-- DATASET CONTENT follows --

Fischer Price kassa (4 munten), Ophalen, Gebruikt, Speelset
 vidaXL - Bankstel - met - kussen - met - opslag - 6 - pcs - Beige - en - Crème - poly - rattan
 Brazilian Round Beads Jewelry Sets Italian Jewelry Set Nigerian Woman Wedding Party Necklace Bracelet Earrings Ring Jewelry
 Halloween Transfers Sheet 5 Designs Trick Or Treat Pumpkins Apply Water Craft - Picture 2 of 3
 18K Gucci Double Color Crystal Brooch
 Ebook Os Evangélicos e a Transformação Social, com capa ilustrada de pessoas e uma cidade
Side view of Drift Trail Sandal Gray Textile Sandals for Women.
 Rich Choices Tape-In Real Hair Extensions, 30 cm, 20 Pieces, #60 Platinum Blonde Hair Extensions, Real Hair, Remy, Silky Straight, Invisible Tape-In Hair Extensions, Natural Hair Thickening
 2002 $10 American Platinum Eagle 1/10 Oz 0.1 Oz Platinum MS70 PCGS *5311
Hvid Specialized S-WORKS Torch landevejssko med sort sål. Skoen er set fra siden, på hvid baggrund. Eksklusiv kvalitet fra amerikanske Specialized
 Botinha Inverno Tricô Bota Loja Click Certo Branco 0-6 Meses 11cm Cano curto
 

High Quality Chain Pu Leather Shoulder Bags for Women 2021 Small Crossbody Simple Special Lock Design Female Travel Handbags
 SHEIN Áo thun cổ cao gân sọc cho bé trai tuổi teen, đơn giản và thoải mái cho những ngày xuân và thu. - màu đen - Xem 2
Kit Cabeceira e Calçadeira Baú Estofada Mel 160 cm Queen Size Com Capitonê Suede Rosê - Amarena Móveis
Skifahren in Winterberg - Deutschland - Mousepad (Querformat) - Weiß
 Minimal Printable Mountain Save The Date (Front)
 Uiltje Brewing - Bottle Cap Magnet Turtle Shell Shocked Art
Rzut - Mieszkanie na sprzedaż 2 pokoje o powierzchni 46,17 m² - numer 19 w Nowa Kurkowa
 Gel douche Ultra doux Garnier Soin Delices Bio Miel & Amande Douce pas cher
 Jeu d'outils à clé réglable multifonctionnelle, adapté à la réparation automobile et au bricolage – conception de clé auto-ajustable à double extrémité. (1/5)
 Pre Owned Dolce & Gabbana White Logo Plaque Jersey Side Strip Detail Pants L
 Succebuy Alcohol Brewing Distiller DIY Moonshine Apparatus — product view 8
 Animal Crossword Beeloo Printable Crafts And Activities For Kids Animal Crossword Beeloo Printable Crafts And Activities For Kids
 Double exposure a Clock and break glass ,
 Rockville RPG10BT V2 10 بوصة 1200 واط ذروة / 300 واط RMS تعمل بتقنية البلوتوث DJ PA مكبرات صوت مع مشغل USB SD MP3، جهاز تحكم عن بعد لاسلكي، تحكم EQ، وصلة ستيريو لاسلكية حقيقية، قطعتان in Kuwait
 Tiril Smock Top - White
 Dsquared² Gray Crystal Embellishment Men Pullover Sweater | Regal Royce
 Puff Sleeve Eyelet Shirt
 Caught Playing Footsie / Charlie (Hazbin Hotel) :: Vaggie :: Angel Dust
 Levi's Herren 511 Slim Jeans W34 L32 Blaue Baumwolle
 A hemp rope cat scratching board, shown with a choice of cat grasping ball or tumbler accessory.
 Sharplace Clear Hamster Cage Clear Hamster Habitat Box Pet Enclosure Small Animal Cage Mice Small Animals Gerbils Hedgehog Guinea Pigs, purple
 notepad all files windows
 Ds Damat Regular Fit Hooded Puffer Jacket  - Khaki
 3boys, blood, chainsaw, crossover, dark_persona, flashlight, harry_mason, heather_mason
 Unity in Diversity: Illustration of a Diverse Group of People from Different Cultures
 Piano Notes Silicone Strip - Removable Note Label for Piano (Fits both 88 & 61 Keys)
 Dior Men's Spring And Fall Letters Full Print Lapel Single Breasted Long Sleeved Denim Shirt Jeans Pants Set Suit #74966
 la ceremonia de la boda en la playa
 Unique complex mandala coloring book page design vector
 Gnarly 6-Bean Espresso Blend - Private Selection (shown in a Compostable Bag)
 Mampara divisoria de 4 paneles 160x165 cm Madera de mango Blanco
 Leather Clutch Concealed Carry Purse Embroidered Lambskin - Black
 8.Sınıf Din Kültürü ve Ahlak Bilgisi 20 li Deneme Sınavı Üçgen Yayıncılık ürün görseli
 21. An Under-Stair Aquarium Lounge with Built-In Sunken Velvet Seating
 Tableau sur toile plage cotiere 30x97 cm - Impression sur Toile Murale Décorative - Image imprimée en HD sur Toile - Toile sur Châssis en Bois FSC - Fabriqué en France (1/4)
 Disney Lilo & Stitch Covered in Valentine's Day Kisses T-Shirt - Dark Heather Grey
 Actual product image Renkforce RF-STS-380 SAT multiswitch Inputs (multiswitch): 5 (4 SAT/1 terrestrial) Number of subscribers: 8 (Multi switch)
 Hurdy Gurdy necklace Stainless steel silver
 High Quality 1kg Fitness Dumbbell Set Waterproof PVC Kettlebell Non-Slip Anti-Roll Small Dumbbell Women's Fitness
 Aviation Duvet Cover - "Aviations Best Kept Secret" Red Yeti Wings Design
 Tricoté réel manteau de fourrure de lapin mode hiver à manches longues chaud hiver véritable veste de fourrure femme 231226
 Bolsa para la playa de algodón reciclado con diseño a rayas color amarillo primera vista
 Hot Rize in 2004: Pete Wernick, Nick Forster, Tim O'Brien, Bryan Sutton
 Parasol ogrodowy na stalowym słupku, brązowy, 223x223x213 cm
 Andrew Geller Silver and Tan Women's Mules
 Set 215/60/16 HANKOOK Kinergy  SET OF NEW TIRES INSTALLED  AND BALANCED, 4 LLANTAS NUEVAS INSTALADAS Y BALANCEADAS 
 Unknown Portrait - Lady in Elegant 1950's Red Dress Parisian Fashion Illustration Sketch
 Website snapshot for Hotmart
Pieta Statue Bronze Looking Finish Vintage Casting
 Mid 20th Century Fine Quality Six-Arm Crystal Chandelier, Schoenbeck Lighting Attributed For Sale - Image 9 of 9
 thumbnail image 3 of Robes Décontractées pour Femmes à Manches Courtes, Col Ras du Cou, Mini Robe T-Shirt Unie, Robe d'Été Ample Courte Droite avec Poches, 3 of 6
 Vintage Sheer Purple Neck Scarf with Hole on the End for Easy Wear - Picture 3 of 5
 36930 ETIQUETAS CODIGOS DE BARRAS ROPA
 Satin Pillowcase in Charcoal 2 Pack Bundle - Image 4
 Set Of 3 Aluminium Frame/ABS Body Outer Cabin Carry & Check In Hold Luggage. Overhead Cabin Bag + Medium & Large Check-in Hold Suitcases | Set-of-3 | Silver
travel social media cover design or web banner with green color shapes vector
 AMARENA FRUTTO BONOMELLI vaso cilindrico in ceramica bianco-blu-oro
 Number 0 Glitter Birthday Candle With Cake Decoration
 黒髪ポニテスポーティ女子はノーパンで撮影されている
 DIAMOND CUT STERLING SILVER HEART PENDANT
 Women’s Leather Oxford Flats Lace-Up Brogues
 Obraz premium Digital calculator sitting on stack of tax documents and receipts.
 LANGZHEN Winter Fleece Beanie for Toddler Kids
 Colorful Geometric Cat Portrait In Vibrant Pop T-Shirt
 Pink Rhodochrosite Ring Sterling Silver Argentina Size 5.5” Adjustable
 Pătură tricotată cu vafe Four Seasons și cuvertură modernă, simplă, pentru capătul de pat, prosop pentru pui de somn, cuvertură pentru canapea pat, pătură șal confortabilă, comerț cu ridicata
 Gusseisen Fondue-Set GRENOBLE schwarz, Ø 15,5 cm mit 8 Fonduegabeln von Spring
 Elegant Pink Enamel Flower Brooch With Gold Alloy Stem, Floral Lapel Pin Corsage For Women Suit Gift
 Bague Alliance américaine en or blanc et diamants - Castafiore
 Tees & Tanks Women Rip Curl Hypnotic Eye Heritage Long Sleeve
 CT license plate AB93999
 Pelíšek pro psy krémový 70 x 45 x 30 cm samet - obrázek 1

-- DATASET CONTENT concluded --

> _WHAT YOU NEED TO DO_:
Beginning at the line with "A hemp rope" and stopping after the line with "Ds Damat Regular", please write out every line of the data above exactly and nothing else.

> _EXPECTED ANSWER_:
 A hemp rope cat scratching board, shown with a choice of cat grasping ball or tumbler accessory.
 Sharplace Clear Hamster Cage Clear Hamster Habitat Box Pet Enclosure Small Animal Cage Mice Small Animals Gerbils Hedgehog Guinea Pigs, purple
 notepad all files windows
 Ds Damat Regular Fit Hooded Puffer Jacket  - Khaki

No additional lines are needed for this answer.